O escritório do advogado Pierpaolo Bottini, conhecido por sua postura crítica a acordos de colaboração, retirou-se do caso, sendo substituído por José Luis Oliveira, um dos mais renomados criminalistas do Brasil.

Essa alteração na representação legal indicou uma possível inclinação de Vorcaro em firmar um acordo de delação premiada.

No dia anterior, o banqueiro foi movido da Penitenciária Federal em Brasília para as dependências da carceragem da superintendência da Polícia Federal.

Essa realocação prisional representa o estágio inicial das negociações para a concretização da colaboração premiada, envolvendo os delegados à frente da investigação e a Procuradoria-Geral da República (PGR).

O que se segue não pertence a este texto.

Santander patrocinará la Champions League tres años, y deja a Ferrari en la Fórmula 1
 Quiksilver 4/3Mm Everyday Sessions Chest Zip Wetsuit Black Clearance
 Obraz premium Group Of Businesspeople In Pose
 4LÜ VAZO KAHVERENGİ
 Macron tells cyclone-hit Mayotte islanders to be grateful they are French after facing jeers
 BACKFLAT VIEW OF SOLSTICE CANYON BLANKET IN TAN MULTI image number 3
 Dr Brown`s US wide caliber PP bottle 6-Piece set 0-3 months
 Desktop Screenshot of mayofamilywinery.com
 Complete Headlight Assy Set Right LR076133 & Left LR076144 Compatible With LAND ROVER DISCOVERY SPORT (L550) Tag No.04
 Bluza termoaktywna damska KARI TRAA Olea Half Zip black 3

Críticas aos argumentos de Mendonça

Gilmar Mendes também teceu críticas a alguns dos fundamentos apresentados pelo ministro André Mendonça, relator do processo, para embasar a continuidade da prisão de Vorcaro.

Embora reconheça a existência de motivos para a permanência da detenção do banqueiro, o ministro expressou sua discordância quanto à terminologia empregada por Mendonça.

"Manifesto ressalvas quanto à utilização de conceitos amplos e ponderações morais, tais como ‘confiança social na Justiça’, ‘pacificação social’ e ‘resposta célere do sistema de Justiça’, como expedientes argumentativos para justificar a prisão preventiva", registrou Mendes.

Recomendação de prisão domiciliar

Além disso, Mendes sugere que Fabiano Zettel, cunhado de Vorcaro e também detido, seja transferido para prisão domiciliar após a finalização das apurações. Zettel é pai de uma criança menor de idade e sua cônjuge encontra-se gestante.

"No que concerne ao investigado Fabiano Campos Zettel, a viabilidade de substituição de sua prisão preventiva por domiciliar deve ser reexaminada, considerando a presença de um filho menor de tenra idade sob seus cuidados, além da iminência do nascimento de outros filhos", declarou o ministro.